Every vote counts. The 2000 election was won (maybe) by just over 500 votes. Five hundred votes. Changed the course of history forever.

Don’t say you can’t decide. Don’t declare politics are not your cup of tea. Don’t think it doesn’t matter.

This is your country. People have died for your right to vote. It matters oodles and buckets and tons.

Go. Vote. Now. Or Tuesday. I don’t care when. But vote.

10 thoughts on “Vote.

  1. YES, YES, YES…the president is not all powerful! The House and Senate do the majority of the scut work that creates the change for you. When you get into local politics such as city council and judicial appointments, you can see that change even more closely. Create the change you want. It’s okay if it takes a few rounds to get there. Think women’s voting, gay rights, etc.

    Just imagine where we would be if our forefathers had given in to England’s control. It starts with one voice…it really does…make yours count.

    • You hear her, people? She knows. She changes the world. She votes.

      Know what else? When you vote you’re more likely to write and call your elected representatives. And then your voice counts even more. Voting gives you power.


  2. Women haven’t even been able to vote in this country for 100 years yet. Any women who thinks that politcs has nothing to do with her is just wrong. Yeah, I want everyone to vote, but I especially want women to vote. I want women to exercise their rights just as much as men do. Use your power! Be a goddess! Vote!

    • Yes! Women fought for your right to vote, your daughters’ rights to vote. Go say what you feel the government needs to do. Vote your opinion about science and birth control and civil rights and education. Vote!

  3. Apathy: nothing represents that more than not voting.

    Not voting–I think how I would blush in embarrassment to myself if I didn’t vote.

    VOTE. Because you will always know that you did something when naming your leader.


    Even if your candidate of choice doesn’t win, at least you spoke up.

    Thanks for this, wonderful.


    • No matter who wins or which laws pass, your voice is counted.

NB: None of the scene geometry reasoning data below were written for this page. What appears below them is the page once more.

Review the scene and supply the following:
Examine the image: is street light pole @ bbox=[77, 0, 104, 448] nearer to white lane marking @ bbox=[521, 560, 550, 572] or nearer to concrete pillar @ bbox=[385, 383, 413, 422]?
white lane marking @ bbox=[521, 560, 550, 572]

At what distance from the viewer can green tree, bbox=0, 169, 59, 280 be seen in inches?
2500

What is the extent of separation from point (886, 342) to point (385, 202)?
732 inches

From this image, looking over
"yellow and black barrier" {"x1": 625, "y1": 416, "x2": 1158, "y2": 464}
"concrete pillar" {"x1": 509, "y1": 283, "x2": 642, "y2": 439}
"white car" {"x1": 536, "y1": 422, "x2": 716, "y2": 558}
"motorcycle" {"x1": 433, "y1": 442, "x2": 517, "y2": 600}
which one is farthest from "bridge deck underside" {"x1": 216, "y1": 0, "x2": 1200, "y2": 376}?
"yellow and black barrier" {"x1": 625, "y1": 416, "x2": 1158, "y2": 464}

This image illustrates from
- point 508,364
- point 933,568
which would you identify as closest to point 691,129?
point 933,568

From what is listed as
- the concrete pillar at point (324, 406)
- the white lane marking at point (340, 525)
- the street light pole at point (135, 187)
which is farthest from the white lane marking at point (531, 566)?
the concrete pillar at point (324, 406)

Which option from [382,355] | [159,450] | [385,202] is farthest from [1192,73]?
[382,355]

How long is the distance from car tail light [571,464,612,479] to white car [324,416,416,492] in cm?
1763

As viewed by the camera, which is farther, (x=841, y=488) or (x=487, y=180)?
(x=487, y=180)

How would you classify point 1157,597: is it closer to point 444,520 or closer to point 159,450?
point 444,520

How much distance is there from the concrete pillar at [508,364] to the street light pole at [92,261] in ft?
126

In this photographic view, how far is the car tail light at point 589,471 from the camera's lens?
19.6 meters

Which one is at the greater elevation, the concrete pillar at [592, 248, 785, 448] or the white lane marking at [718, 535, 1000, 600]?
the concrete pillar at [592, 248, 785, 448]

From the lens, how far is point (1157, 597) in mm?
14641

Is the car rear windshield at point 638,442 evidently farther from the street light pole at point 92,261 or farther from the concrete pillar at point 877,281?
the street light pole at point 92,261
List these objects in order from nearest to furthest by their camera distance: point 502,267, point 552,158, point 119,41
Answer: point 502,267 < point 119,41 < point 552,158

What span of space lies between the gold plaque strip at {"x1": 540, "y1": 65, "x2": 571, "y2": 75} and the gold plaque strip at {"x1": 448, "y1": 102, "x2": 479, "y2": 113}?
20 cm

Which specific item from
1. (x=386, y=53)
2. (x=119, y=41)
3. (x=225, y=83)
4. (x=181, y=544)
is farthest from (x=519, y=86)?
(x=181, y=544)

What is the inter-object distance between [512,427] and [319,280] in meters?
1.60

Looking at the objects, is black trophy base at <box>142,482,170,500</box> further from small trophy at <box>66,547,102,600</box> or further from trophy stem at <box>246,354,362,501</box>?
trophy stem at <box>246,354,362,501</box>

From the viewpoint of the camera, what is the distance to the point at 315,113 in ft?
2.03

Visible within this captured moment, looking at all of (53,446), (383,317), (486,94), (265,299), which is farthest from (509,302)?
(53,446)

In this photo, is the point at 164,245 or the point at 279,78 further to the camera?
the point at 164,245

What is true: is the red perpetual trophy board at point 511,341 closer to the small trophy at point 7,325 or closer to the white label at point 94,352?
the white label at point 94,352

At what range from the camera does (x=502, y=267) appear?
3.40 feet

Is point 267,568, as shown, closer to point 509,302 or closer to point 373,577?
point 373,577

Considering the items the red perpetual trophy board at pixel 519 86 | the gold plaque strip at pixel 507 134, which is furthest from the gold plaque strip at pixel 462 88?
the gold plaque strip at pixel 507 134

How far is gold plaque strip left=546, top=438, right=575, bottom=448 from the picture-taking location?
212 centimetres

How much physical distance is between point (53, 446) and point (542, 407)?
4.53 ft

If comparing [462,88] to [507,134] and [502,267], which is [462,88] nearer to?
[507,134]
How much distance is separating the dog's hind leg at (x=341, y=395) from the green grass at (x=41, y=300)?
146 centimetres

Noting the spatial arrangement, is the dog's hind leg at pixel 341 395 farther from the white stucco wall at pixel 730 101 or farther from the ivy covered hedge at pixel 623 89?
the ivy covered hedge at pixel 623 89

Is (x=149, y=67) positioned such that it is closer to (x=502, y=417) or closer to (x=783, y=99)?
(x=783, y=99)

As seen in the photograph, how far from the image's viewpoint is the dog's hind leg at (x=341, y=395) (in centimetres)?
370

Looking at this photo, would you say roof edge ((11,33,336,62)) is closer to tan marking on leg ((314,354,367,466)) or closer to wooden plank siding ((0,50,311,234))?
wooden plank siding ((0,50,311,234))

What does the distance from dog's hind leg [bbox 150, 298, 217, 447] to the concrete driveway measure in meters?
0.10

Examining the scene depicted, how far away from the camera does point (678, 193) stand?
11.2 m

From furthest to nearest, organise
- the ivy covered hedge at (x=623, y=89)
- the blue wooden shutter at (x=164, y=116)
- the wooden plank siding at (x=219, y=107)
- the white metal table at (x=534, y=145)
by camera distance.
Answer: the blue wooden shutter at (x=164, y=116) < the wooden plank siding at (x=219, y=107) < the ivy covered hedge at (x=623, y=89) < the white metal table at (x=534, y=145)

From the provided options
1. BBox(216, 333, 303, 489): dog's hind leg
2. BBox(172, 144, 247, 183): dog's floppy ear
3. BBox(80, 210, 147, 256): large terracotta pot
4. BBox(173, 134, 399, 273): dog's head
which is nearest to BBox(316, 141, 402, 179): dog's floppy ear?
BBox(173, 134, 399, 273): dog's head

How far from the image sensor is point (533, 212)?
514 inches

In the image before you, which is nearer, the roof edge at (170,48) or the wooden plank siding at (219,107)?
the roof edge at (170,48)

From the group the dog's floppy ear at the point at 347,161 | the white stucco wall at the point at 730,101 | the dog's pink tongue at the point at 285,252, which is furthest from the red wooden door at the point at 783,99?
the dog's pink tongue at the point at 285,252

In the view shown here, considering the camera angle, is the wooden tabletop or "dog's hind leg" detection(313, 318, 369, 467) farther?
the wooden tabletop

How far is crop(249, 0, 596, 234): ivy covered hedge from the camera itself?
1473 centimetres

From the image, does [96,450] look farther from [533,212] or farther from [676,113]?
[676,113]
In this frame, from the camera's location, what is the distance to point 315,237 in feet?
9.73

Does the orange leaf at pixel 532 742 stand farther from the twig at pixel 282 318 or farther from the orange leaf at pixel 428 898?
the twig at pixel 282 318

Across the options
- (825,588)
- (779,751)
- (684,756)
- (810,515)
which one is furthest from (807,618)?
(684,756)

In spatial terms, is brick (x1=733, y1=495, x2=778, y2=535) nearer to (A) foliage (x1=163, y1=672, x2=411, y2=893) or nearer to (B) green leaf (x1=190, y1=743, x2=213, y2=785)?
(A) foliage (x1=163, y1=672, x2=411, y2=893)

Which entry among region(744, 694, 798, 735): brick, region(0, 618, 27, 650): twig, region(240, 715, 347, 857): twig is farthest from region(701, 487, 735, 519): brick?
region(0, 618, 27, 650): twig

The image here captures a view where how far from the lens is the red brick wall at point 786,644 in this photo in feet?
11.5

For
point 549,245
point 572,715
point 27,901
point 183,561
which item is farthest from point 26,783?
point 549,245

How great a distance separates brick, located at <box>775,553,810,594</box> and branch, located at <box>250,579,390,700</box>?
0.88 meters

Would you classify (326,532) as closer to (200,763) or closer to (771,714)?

They look, when they figure who is for and who is against. Only 100 people against them? They go full-steam ahead. A full 10,000,000 against them? They pause because they know how real voices have spoken.

      Be powerful. Vote!

  4. I wholeheartedly second your endorsement of civic involvement. But with respect, I would add that people should vote responsibly. By that I mean vote, by all means vote, but don’t just randomly punch buttons (or chads or whatever) to say you voted. I vote because I care. I take at least a little time to consider my choices. Sometimes a particular issue or candidate means a great deal to me. You’re right, every vote does count, so I don’t want my vote canceled out by somebody who threw away their vote on a lark. If there’s an issue I can’t make up my mind about, or a contest I simply don’t care about, I’ll skip over it and move on to the items on the ballot that matter to me.

    • Absolutely!

      I worry because I’ve heard people saying they need to understand every nuance of every issue. I believe reading critically both sides of the argument, and perhaps finding out who supports each side is sufficient, if not ideal.

      But I agree with you wholehartedly that blindly voting, or voting “no” on everything because you’re mad, or picking based just on what your parents or neighbors say is ridiculous. And worse than not voting. I’d rather the people with no knowledge at all of the issue not vote. But my preference is that everyone in this country have a basic knowledge of what their government does and whether they agree or not.

      That said, read a bit. Think a LOT. Then vote.

  5. You know it’s kind of amazing to think about the apathy that many women have toward voting nowadays when just 100 years ago we couldn’t vote at all. Makes you realize how much we take for granted when we don’t have to fight for it.

    • Turnout is in the high 80s and 90s when getting to the polls involves risk to life and limb.

      So does Australia’s forced voting policy. (Vote or pay a fine.) We need to look into that.